Economic Analysis Framework for Multi-Agent Collaboration

This repo is the experiment harness behind PAPER.md. It runs single-agent systems (SAS) and multi-agent systems (MAS) on a shared benchmark suite, records structured execution traces, and converts repeated runs into a trace-derived descriptor that supports:

quality vs cost analysis
MAS vs SAS gain/cost comparison
coordination diagnostics
topology-level summary and Pareto analysis

The core goal is not only to ask whether MAS can help, but to measure when collaboration improves task outcomes enough to justify its execution and coordination cost.

Core idea

Each task is executed one or more times under a fixed system configuration. For every run, the repo stores:

benchmark-native evaluation output
structured trace events
run-level trace metrics
a task-level descriptor aggregated over repeated runs

The descriptor follows the paper’s Q / C / D / R / P split while also exposing paper-facing aliases used directly in the draft:

Q: outcome quality
C: direct execution cost
D: coordination diagnostics
R: run-to-run reliability
P: process structure

The paper defines higher-level economic quantities such as utility U = Q - C, collaboration gain G, and coordination cost K. This repo produces the trace-derived ingredients needed for those analyses.

Agent Prompting And Tool-Use Design

The MAS runtime follows a supervisor/subagent design while keeping the current custom topology engine and provider-native OpenAI-compatible tool loop.

Structural workflow roles remain authoritative: planner/orchestrator/worker/critic/aggregator roles determine routing, visibility, and output contract.
Dynamic personas specialize the agent within that structural role. They do not override stage rules or tool requirements.
Tool-enabled answer-producing stages are expected to call tools when evidence is missing or weak. The runtime does not fabricate tool calls or synthetic retrieval after the fact.
Final judges and deterministic fallbacks prefer direct, evidence-backed answers over blocked-status, planning-only, or "no evidence" outputs.
Context sharing is explicit. Agents see only task messages, selected relay packets, their prior artifact, and the tool outputs they actually received.

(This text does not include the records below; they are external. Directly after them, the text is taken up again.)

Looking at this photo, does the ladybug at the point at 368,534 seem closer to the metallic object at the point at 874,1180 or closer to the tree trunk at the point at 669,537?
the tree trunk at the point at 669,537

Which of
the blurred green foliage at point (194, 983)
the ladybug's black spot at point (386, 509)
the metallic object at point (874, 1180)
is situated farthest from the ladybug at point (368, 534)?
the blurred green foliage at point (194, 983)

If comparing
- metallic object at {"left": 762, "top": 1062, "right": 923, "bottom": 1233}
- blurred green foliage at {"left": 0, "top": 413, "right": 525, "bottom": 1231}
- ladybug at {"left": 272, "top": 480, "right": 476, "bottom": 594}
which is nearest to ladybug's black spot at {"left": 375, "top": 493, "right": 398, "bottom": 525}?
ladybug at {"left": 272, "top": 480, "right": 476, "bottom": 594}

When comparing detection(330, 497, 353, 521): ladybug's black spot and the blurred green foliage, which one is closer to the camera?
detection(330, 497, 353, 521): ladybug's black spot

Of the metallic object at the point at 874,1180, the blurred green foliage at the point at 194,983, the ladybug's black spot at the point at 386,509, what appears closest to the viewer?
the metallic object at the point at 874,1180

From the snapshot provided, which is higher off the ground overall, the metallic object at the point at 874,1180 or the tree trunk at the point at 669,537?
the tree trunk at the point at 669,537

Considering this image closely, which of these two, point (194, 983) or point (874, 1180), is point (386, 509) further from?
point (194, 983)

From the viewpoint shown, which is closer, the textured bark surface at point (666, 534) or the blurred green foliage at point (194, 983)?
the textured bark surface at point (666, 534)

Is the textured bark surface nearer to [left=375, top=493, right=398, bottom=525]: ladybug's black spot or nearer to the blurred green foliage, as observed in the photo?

This design aligns with current primary-source guidance on agent systems:

OpenAI, A practical guide to building agents: start with clear instructions, explicit tool loops, and manager-pattern orchestration when specialization is useful.
LangChain, Subagents: the main agent should see concise subagent outputs and treat tool/subagent descriptions as routing levers.
LangChain, Handoffs: explicit context engineering matters; malformed or overly broad context degrades multi-agent behavior.
LangChain, Deep Agents overview: keep the main context clean and isolate specialized work into bounded subagent contexts.

References:

Exact metric contract

The metric contract is intentionally strict and reproducible.

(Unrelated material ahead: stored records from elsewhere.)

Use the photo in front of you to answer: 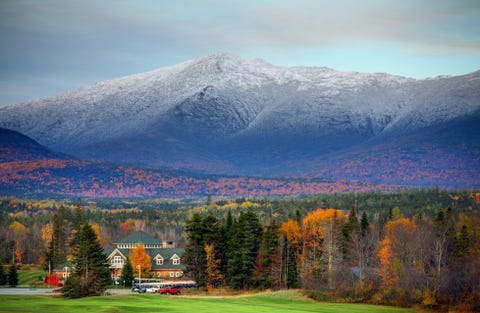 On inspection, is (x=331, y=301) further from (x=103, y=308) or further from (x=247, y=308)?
(x=103, y=308)

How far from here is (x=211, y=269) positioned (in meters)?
121

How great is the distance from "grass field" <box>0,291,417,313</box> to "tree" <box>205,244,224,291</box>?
1303cm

Run-level outcome variables

For one run r:

success_r = 1 iff benchmark.evaluate(...).success is True
completion_r = 1 iff the run produced a final artifact / final answer and did not terminate with an explicit runtime failure signal

Important:

success is benchmark correctness
completion is execution completion
completion does not imply correctness

So a wrong answer can still have completion = 1 and success = 0.

At the benchmark level for a fixed MAS:

success_rate means: among all benchmark sample runs, what fraction were solved correctly
completion_rate means: among all benchmark sample runs, what fraction finished execution and produced a final answer/artifact without an explicit runtime failure

Equivalently:

success_rate: "How many samples did this MAS actually solve?"
completion_rate: "How many sample runs did this MAS complete successfully as executions?"

Run-level trace totals

For one run r, the trace code computes:

latency_total_r = sum(event.latency_ms)
tokens_total_r = sum(event.token_in + event.token_out)
cost_total_r = sum(event.cost_usd)
tool_calls_total_r = count(event_type == "tool_call")
tool_fail_total_r = count(tool failures)
steps_total_r = number of trace events
backtrack_rate_r = (#revise events + payload.redo) / steps_total_r
loop_score_r = repeated-state or repeated-pattern ratio from the trace
verification_density_r = #verify / steps_total_r
communication_count_r = directed relay/message edges from all inter-agent sends, including system-mediated sends
communication_agent_to_agent_count_r = directed send edges whose sender is a non-system agent
communication_system_mediated_count_r = directed send edges whose sender is system / mediator
handoff_count_r = actor switches across consecutive non-system events

Task-level descriptor aggregation

Given N repeated runs for the same task and system:

Quality

Q1_success_rate = mean_r(success_r)
Q2_completion_rate = mean_r(completion_r)

Execution cost

C1_latency_p95 = p95_r(latency_total_r)
C2_tokens_total = mean_r(tokens_total_r)
C3_cost_total = mean_r(cost_total_r)
C4_tool_calls_total = mean_r(tool_calls_total_r)

Coordination diagnostics

D1_tool_error_rate = sum_r(tool_fail_total_r) / sum_r(tool_calls_total_r)
D2_communication_count = mean_r(communication_count_r)
D2_agent_to_agent_communication_count = mean_r(communication_agent_to_agent_count_r)
D2_system_mediated_communication_count = mean_r(communication_system_mediated_count_r)
D3_handoff_count = mean_r(handoff_count_r)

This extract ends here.